WILLIS READY FOR RETURN IN FALMOUTH
**New Training Group Led By Warhurst to Start in Michigan**
By Chris Lotsbom
(c) 2010 Race Results Weekly, all rights reserved
(13-Aug) -- Nick Willis, the 2008 Olympic silver medallist in the 1500m, is ready to begin a new chapter in his career.
After battling two years of bothersome hip and knee injuries, the 27 year-old New Zealander is ready to race for the first time since having knee surgery last March.

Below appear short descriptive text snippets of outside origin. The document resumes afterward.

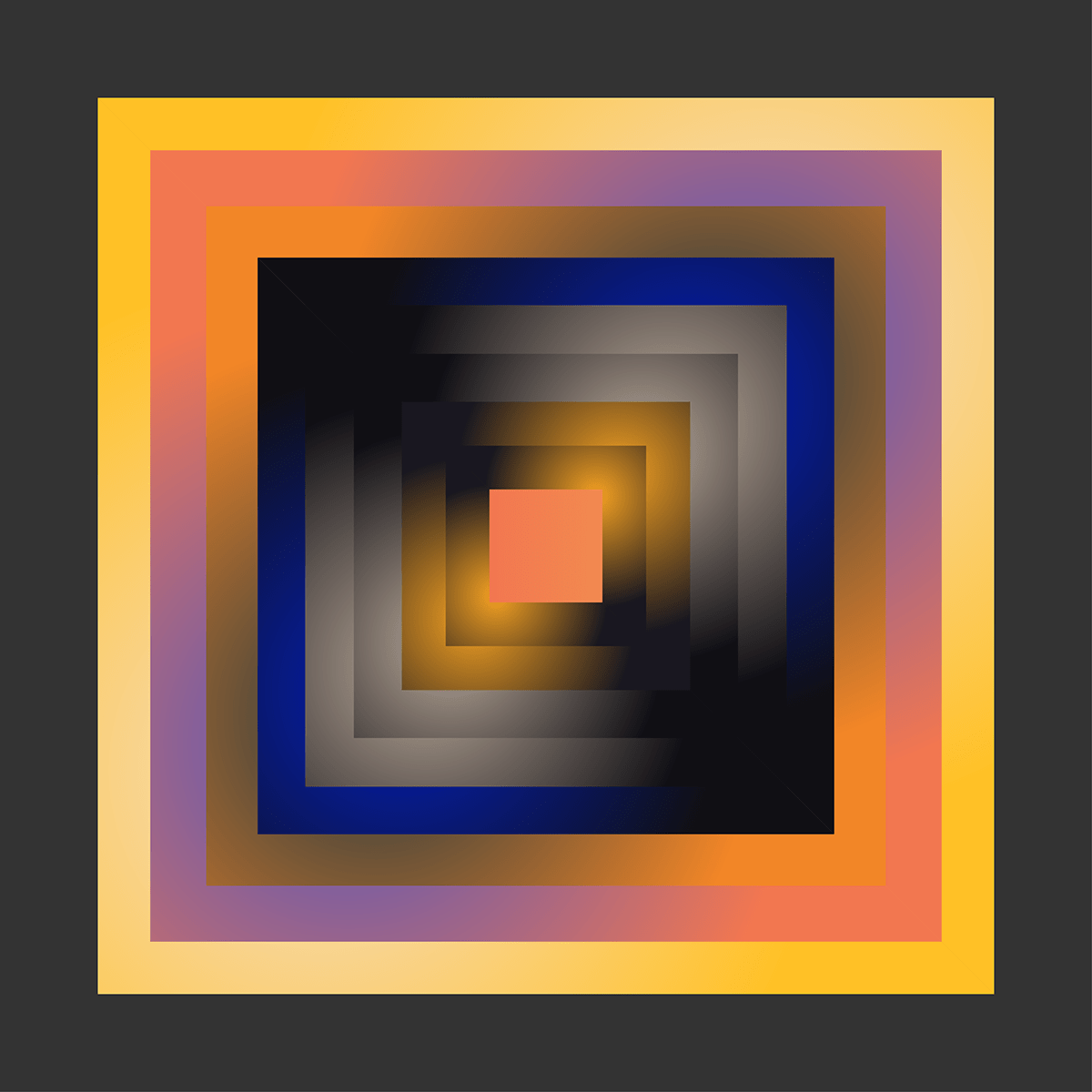 Abstract Art colorful contemporary digital frames geometric minimal modern Pop Art squares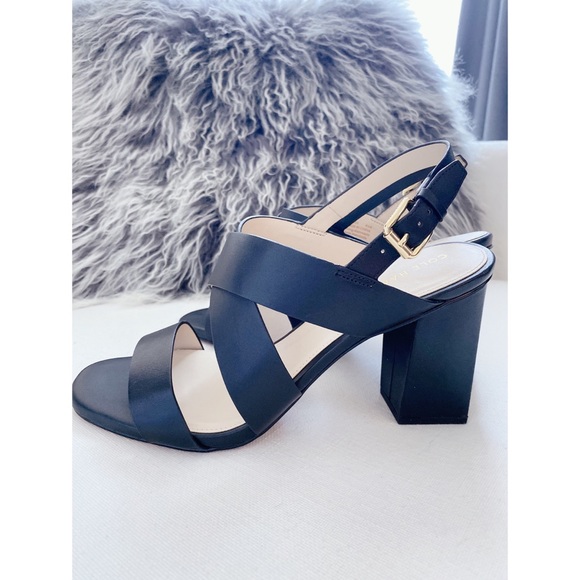 Cole Haan Shoes - Cole Haan Cythia black heel sandal leather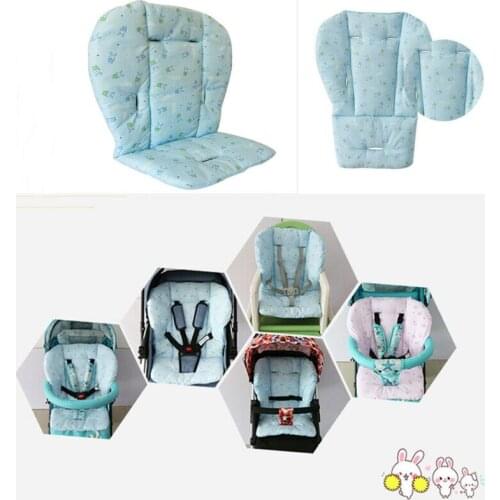 Pudcoco New Arrival Winter Baby Stroller Cushion Portable Baby Seat Warm Cartoon Rabbit Pattern Liner Mat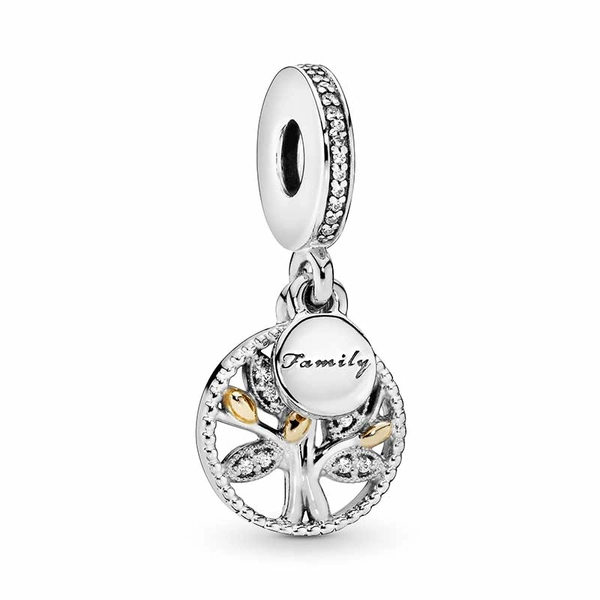 Sparkling Family Tree Charm-Anhänger von PANDORA, Schneller Versand - Nordicspectra.de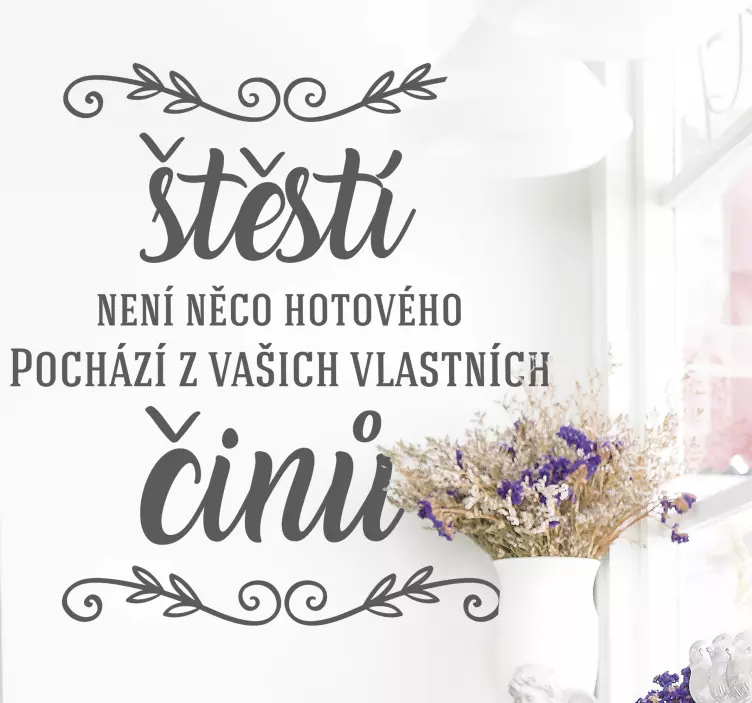 štěstí nabídka obývací pokoj nástěnné dekor - TenStickers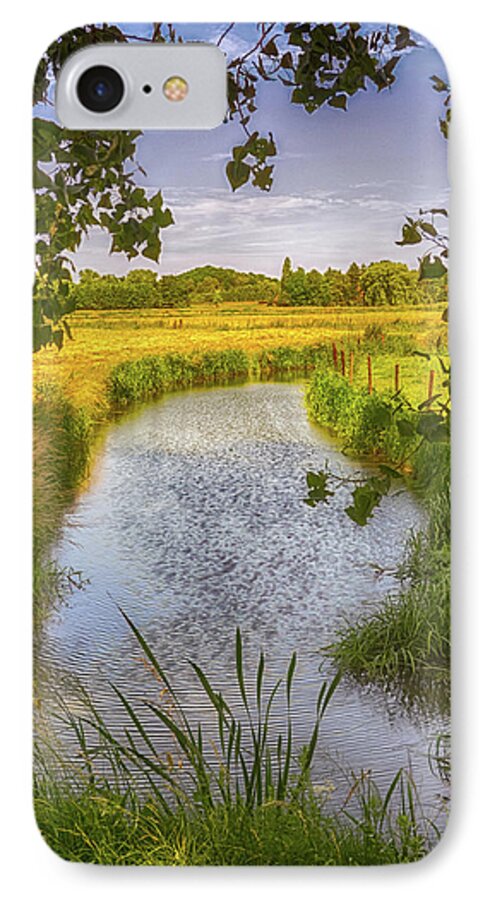 Creek iPhone 8 Case featuring the photograph Flemish Creek by Wim Lanclus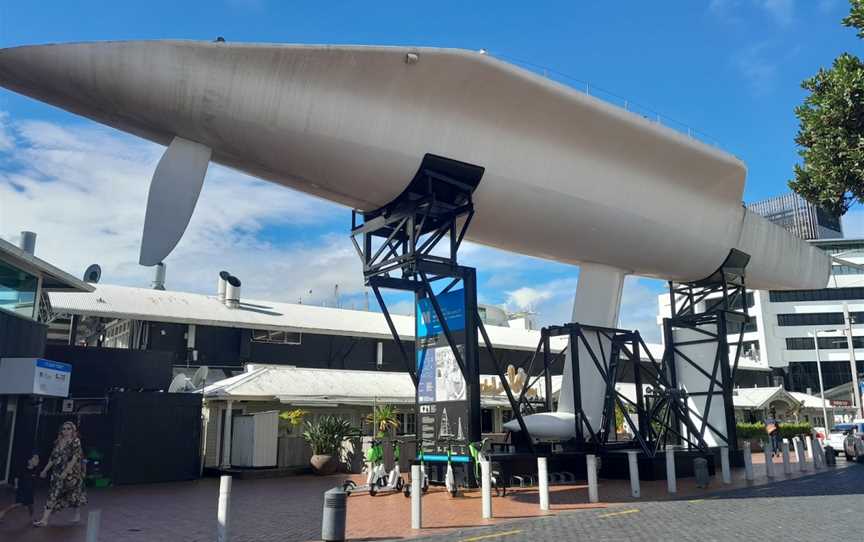 KZ1 Team New Zealand America's Cup Yacht, Auckland, New Zealand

He'll compete at the CIGNA Falmouth Mile tomorrow in Falmouth, Mass.
"I'm feeling great," Willis told Race Results Weekly in a telephone interview. "I'm excited to be back at it again after sort of a troubling time for the second spring in a row."

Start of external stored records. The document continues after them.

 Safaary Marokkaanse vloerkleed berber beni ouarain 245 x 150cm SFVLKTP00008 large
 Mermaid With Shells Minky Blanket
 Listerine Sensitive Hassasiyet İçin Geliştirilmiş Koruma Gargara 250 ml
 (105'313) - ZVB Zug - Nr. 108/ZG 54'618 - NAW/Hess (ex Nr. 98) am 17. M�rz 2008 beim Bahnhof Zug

Willis, who had knee surgery after doctors discovered a cyst in his knee due to a torn meniscus, has been working to get back to his Beijing form ever since getting the go-ahead to run. Meeting regularly with a strength and conditioning specialist and massage therapist, Willis has been working to strengthen his knee and all of the surrounding muscles, something he used to be "slack" on, he said.
"It's the first time I have been able to run over 40 minutes pain free for the last three years," he explained. "It's been really exciting."

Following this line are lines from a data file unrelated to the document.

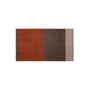 tica copenhagen - Stripes Horizontal løber, 67 x 120 cm, sand / brun / terracotta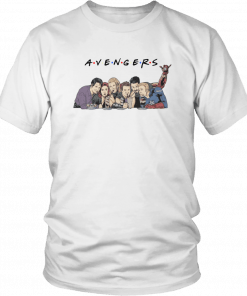 AVENGERS T-SHIRT FUNNY FRIENDS STRANGER THING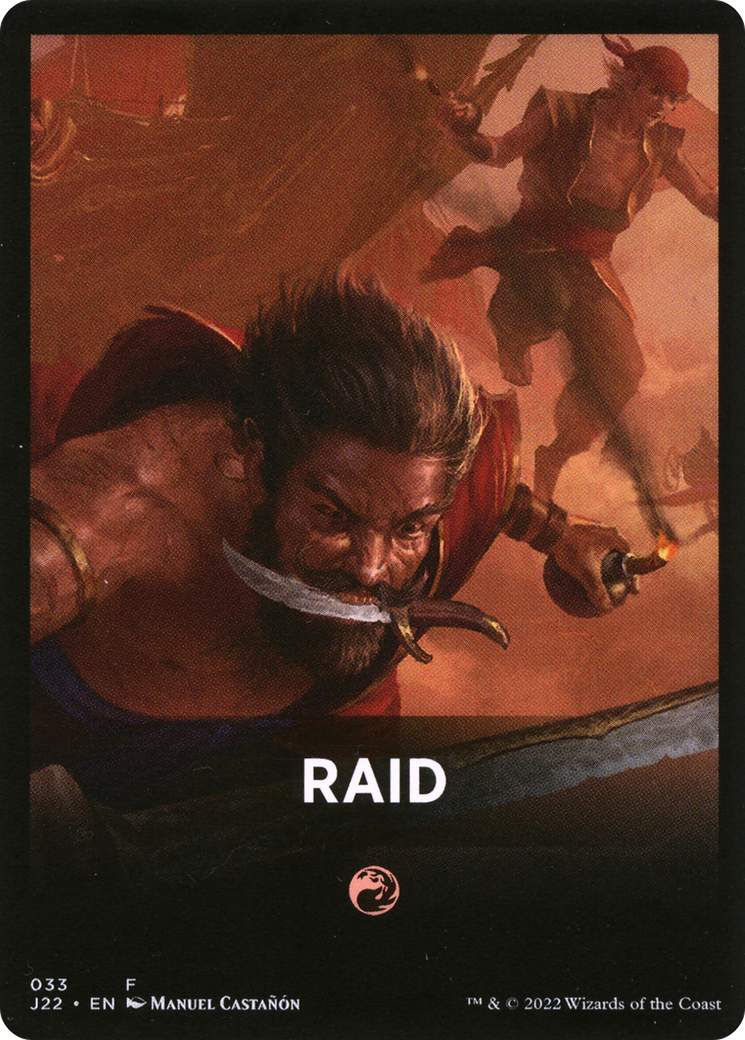 Raid Theme Card [Jumpstart 2022 Front Cards] - Destination Retro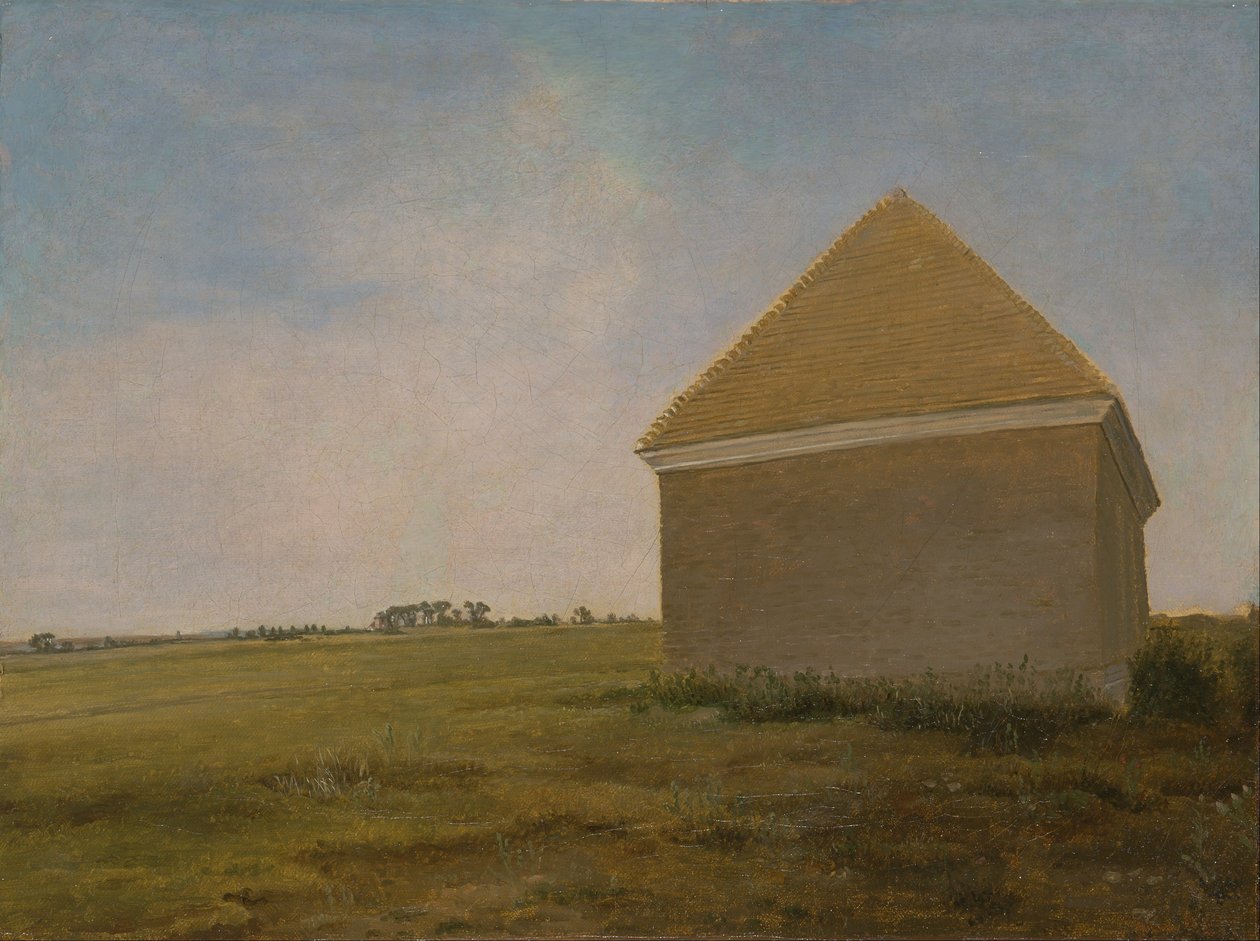 Newmarket Heath, met een afwrijfhuis door George Stubbs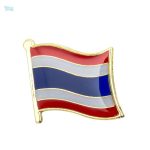 Pin's drapeau Thaïlande, symbole national coloré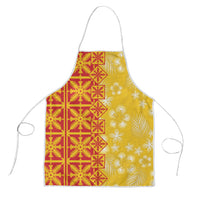 Kahili Quilt Hawaii Apron Tropical Flower Seamless Half Style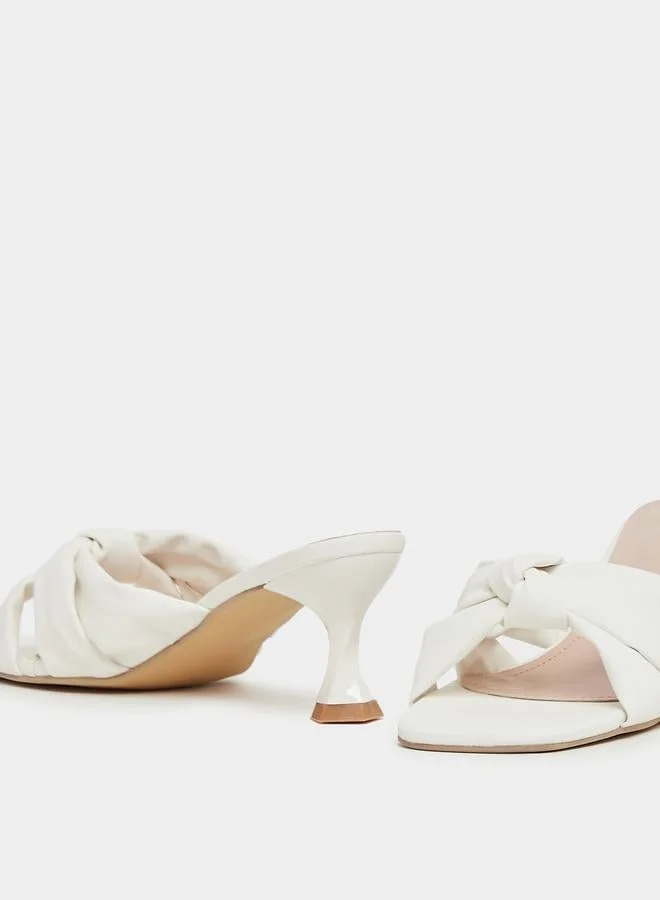 Styli Multi Cross Strap Kitten Heel Sandals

Having only started track workouts four days ago (on Monday), Willis will use Falmouth as a race to prepare for his trek towards defending his 1500m title at the Commonwealth Games, which will take place in Delhi, India, in October.
"We are about a month ahead of where we would have hoped normally, based on how the workout went," said Willis.
Describing Falmouth as sort of a "pre-season" meet, like the games going on in the National Football League right now, Willis will use the mile to bust any rust off and get back into the swing of racing.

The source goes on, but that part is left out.